On 9 March 2007, U.S. Representative Doris Matsui (D-CA, 5th) introduced HR 1453, legislation that would authorize the National Science Foundation (NSF) to make grants to institutions to develop programs to provide communications training to science graduate students. As introduced, the “Scientific Communications Act of 2007” would authorize $10 million for the NSF to make grants “on a competitive, merit-reviewed basis, in a manner so as to ensure relevance to public policymaking.” The legislation would also require that NSF incorporate the new grant program with existing graduate student training programs, such as the Integrative Graduate Education and Research Traineeship (IGERT) program.

The legislation--cosponsored by Science and Technology Committee Chairman, Rep. Bart Gordon (D-TN, 6th), Rep. Thomas Allen (D-ME, 1st), and Rep. Rush Holt (D-NJ, 12th)--has been referred to the House Committee on Science and Technology.

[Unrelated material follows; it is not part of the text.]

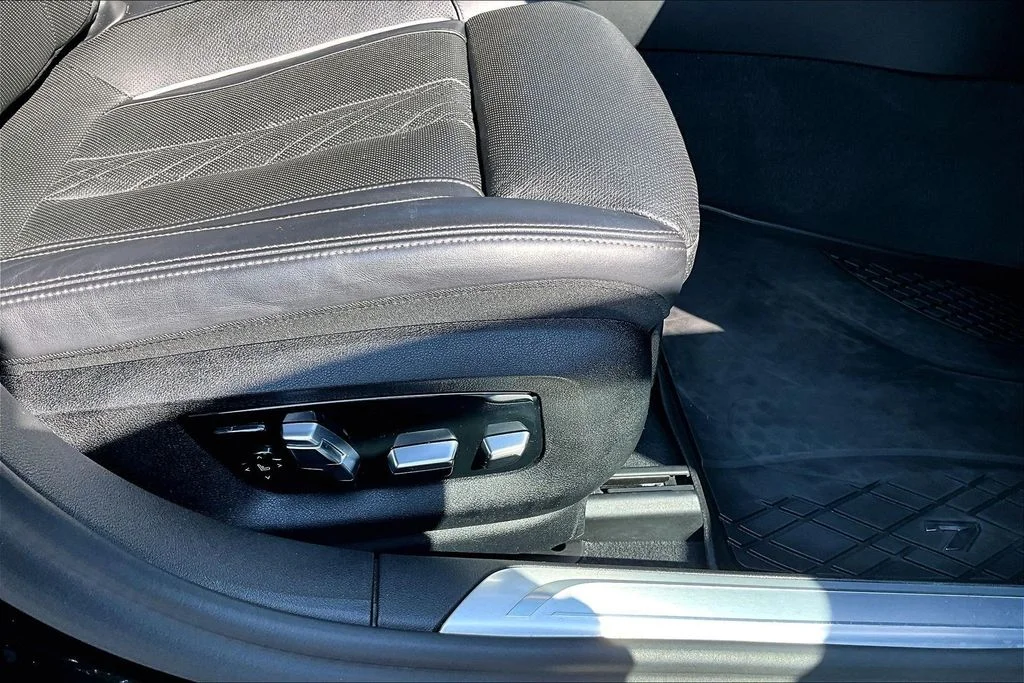 Used 2022 Black BMW 740i image 9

As justification of need for the new program, HR 1453 would “Find” that:

  1. with the increasing presence of science and technology in public policy issues, a greater national effort needs to be made to train scientists to engage in the public dialogue;
  2. graduate training programs in science and engineering often lack opportunities for students to develop communications skills that will enable them to effectively explain technical topics to nonscientific audiences;
  3. providing training in communications skills development will ensure that United States-trained scientists are better prepared to engage in dialogue on technical topics with policymakers and business leaders;
  4. given the enormous annual investment that the Federal Government makes in the United States research enterprise, training scientists to interact with policymakers will improve accessibility to information and ensure that technical expertise is included in the public policy dialogue; and
  5. providing early career preparation for interaction with nonscientists will improve the ability of research scientists to engage in public/private partnerships to facilitate product development based on United States research discoveries.